Medical school was fantastic. I loved the didactic classes and devoured their content. Clinical rotations were a dream because I could begin to picture myself as a doctor. Then a setback. As we were learning the physical exam of the eye in the third year, my partner peered at my retina and said, “Something’s wrong. Let me get the attending.” When he examined me, he said, “I need to get you an appointment in my office as soon as possible.” This was my introduction to diabetic retinopathy. The doctor was able to get me enrolled in the first clinical trial of laser photocoagulation, and while it took several years and multiple treatments, the trial was ultimately successful, and my retinopathy eventually became quiescent.

Because of the new condition, I wanted to find a residency that had more regular hours and a reasonable workload. The only specialty that fit the bill that I also liked was pathology, but it turned out that I wasn’t very good at it. Then, to complicate my life further, I had a major retinal bleed that year and realized I couldn’t spend my days at a microscope. Once again, I had to adapt and consider careers that didn’t require vision, and I chose psychiatry.

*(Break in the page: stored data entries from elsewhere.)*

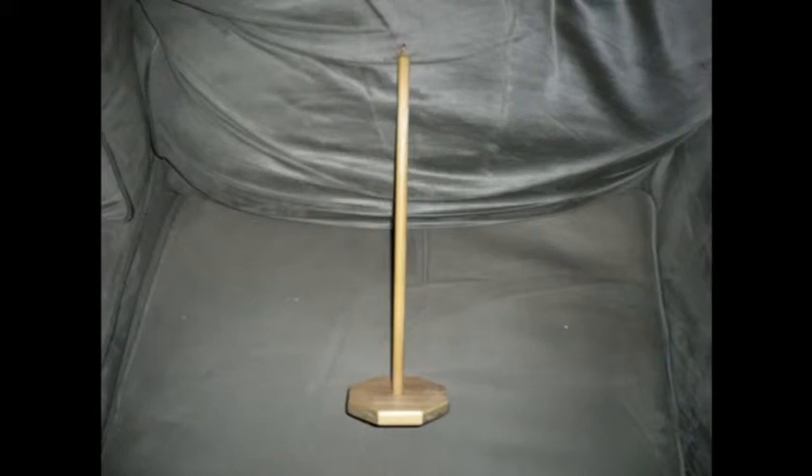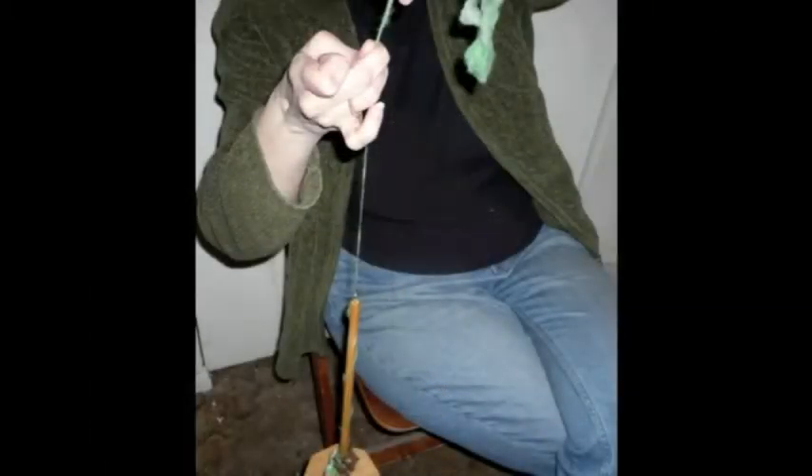But before there were spinning wheels, there were spindles. Spinning wheels were developed roughly about the time of the Renaissance. For thousands of years before that time, spinners used spindles. The bandages used to wrap mummies during the days of Egyptian pharaohs were spun in this manner. The devices vary a little, but mostly they are a stick with a whorl — a surface attached to the stick made to help hold the spun material in place until it's ready to be moved from the spindle and prepared for plying.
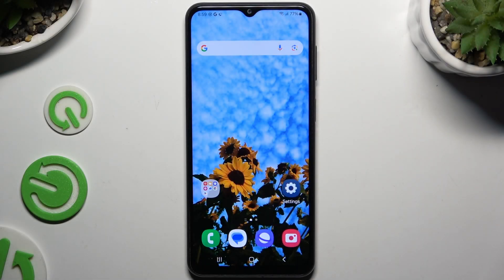In front of me is the Samsung Galaxy M23, and today I would like to show you how you can use the voice recorder.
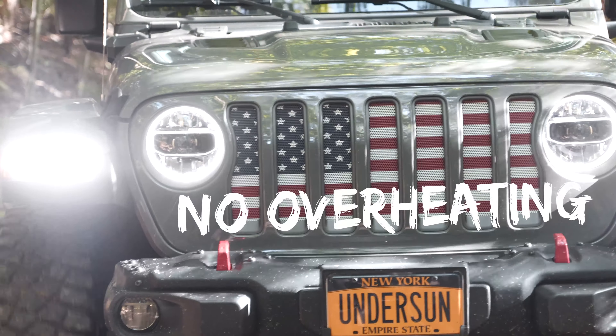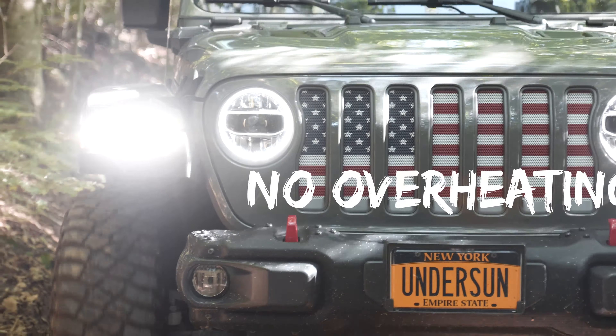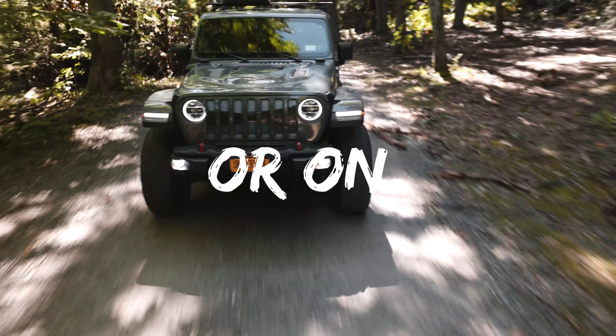These grills not only look great, but perform great and run cool as well — off road or on.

The choice turned out to be the right one. My first night as resident, I was on call as the only psychiatrist in the emergency room (ER) of a large county hospital serving 2 million people. I abruptly discovered that one needs medical knowledge, psychological awareness, and empathic skills to be a psychiatrist. Fortunately, the psych nurses in the ER could lead me by the hand and tell me what to do. That experience taught me not to be judgmental of other specialties. I also learned that I loved psychiatry in part because it combines the abilities to apply medical knowledge, ponder differential skills, work with a team, and sit with an individual long enough to get to know him or her better and share your humanity together.

Ultimately, I graduated. I remember now that as I passed 30 and moved on with my career, I was relieved that I had outlived the predictions.

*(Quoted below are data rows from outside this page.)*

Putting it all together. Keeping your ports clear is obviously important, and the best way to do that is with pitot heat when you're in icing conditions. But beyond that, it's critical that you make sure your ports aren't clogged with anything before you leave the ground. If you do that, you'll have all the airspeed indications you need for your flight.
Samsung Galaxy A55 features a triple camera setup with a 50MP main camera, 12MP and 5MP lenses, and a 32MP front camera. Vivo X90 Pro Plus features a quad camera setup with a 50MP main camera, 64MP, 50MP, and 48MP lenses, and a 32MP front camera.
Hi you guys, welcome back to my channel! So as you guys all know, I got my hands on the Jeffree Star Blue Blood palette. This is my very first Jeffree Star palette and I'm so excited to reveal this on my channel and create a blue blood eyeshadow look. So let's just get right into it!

While I loved private practice and had a wonderful time there for over a decade, I eventually decided to move to Washington state, where I became the medical director of behavioral health for a hospital system. I am now happily retired after 43 years as a full-time psychiatrist.

I like to say now that I survived all these years because of good genes, good rearing, good medical care, and lots of hard work. And I’m very glad that I found such a rewarding profession. I learned that dreams can be fulfilled even if they’re modified from original ones, and I’ve found that a chronic illness can teach one about the human condition and lead to a better understanding of what our patients endure. ■

George L. Chappell, M.D., is the former medical director of behavioral health at Providence Southwest Washington in Olympia, Wash. He is now retired.